Army veteran Eugene Rice, who is living on his own with emphysema, low blood pressure and the effects of several slight strokes, gives much of the credit for his well-being to his health care coordinator at the Perry Point VA Medical Center in Cecil County. He even thanks Dee Jones for helping him reach a milestone.
"I turned 80 last month, and I did it all with her help," said Rice of Abingdon. "She has been a godsend to me."
Rice is one of 90 patients whom Jones cares for daily, with the help of technology known as Care Coordination Home Telehealth. Through this program, Jones monitors patients in their homes using vital information, such as blood pressure and oxygen level, that they transmit over the phone. The data enable her to assess a patient's wellbeing.
"It's technology, but I still feel like I am nursing hands-on," said Jones of Bel Air, who recently earned a master's degree in nursing. "Eugene is being proactive with his health and playing a major role in his success."
Since the seven Veterans Affairs hospitals and clinics in Maryland put telehealth in place four years ago, officials said, emergency room visits, hospital admissions and the length of hospital stays have dropped.

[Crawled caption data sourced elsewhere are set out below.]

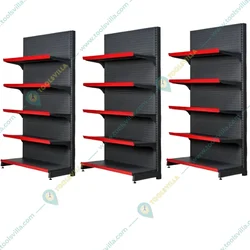 Premium Quality 6 feet x 3 feet 5 Shelves Slotted Channel Display Rack/Wall Rack Black Colour - (Set Of 3)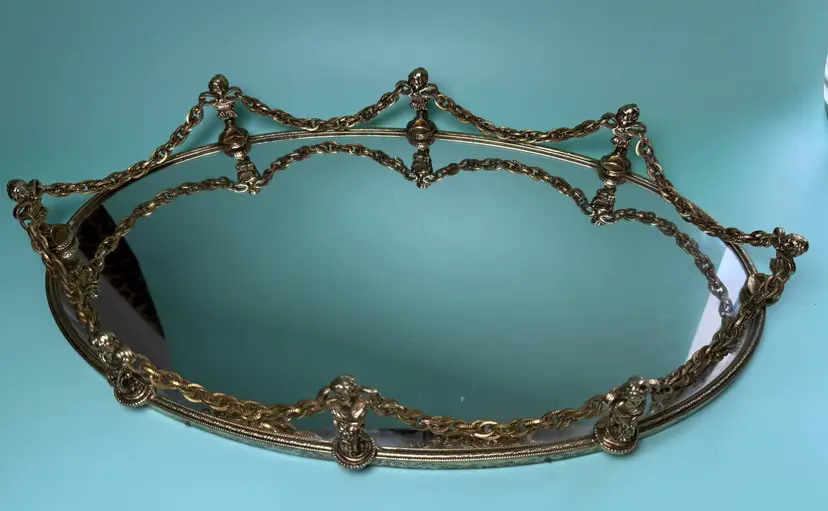 Vintage 18" Hollywood Regency Ormolu Mirrored Vanity Tray Gold Cameo Busts Chain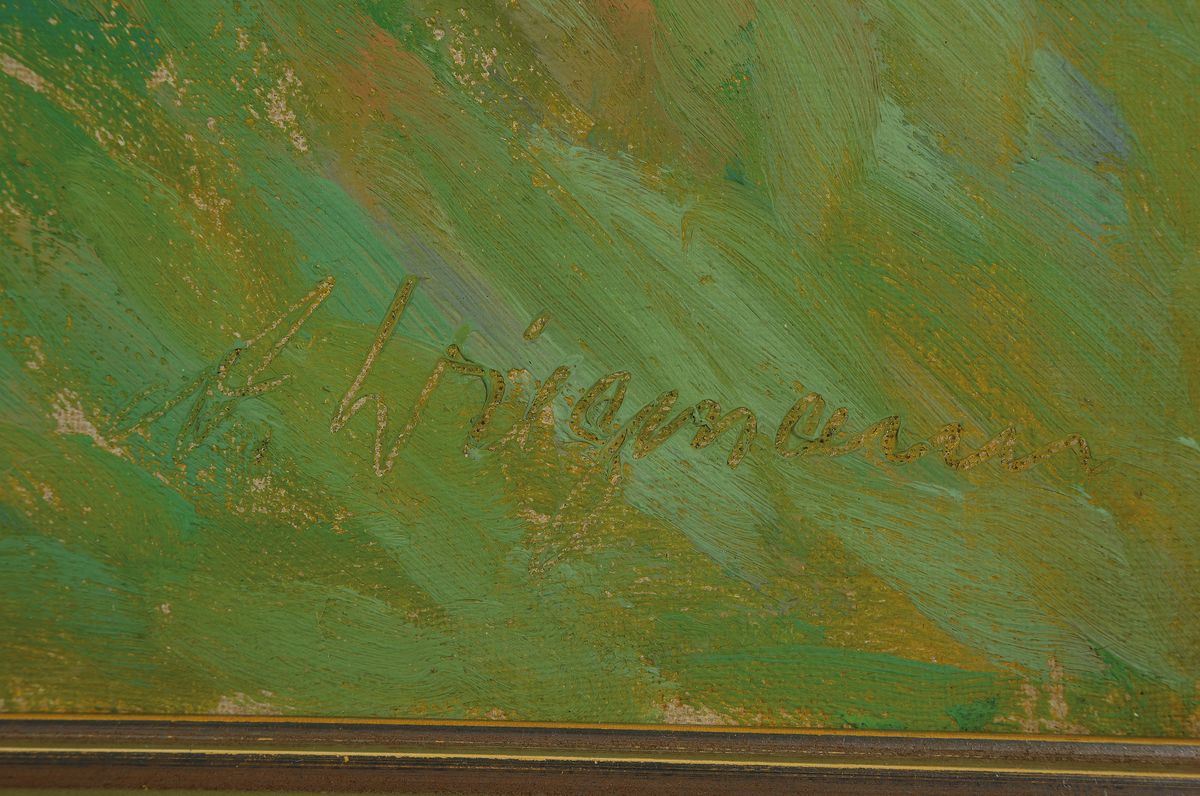 Detail a: Alfred Wiegmann, 1886 Essen-1973 Kuhstedt (Hannover), Schüler der Düsseldorfer Akademie und der Acadèmie Julian in Paris, Landschaft mit Birken, ...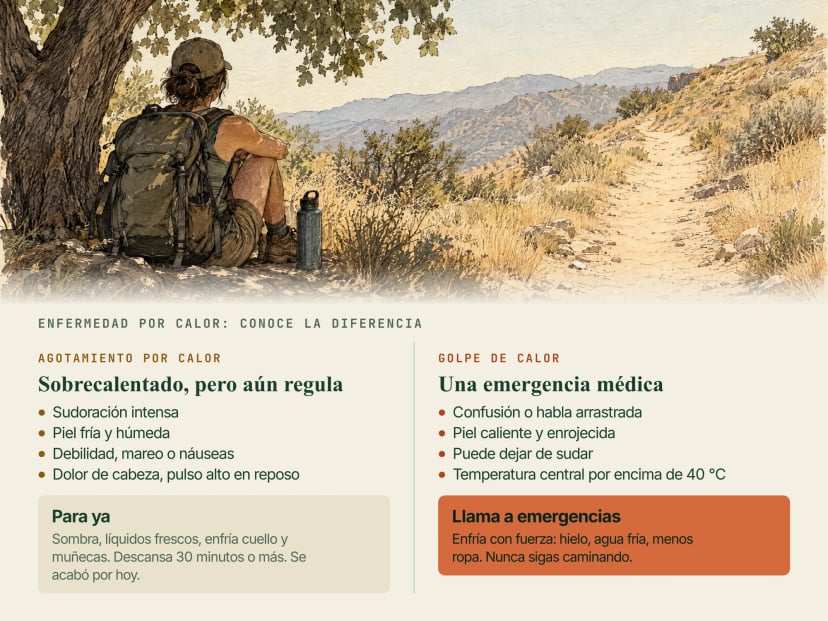 Ilustración de un rucker que descansa a la sombra de un árbol junto a un sendero soleado, con dos paneles: agotamiento por calor (sudoración intensa, piel fría y húmeda, mareo o náuseas: parar, sombra, líquidos, descanso) y golpe de calor (confusión, piel caliente y enrojecida, puede dejar de sudar, más de 40 °C: llamar a emergencias y enfriar con fuerza)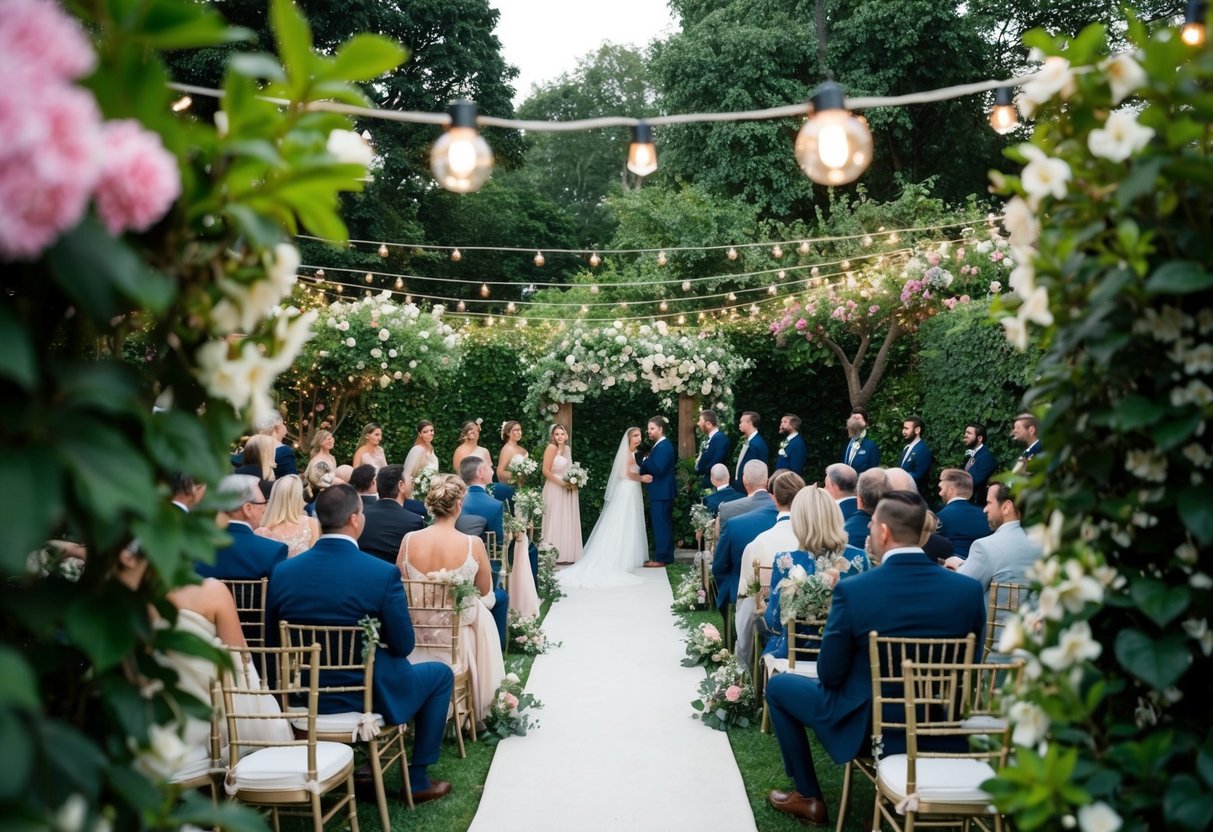 A quaint outdoor wedding with 100 guests seated in a lush garden surrounded by blooming flowers and twinkling lights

"Telehealth saves money, while improving the quality of life for our veterans," said Patricia Davis, director of care coordination for the home telehealth program at the Baltimore VA Medical Center on Greene Street. "It decreases the amount of money spent on avoidable admissions and complications."
Nearly 400 chronically ill veterans across the state participate, with at least 130 of them avoiding institutionalized care because of telehealth, Davis said. One 50-year-old veteran, suffering from debilitating heart problems, has shortened his hospitalizations and cut them from six visits a year to two.
Patricia Abbott, director of the Collaborating Center for Nursing Informatics at Johns Hopkins Hospital, said that telehealth demonstrates "team-centered patient care" at its best.
"This is the health care industry working together to achieve optimal health for patients," Abbott said.
"The only downside is that the only people who can participate are those who have the capacity, technically and intellectually, to do so."
Telehealth would work well with HIV patients and recovering addicts, Abbott said, but those patients rarely have the resources to start the program.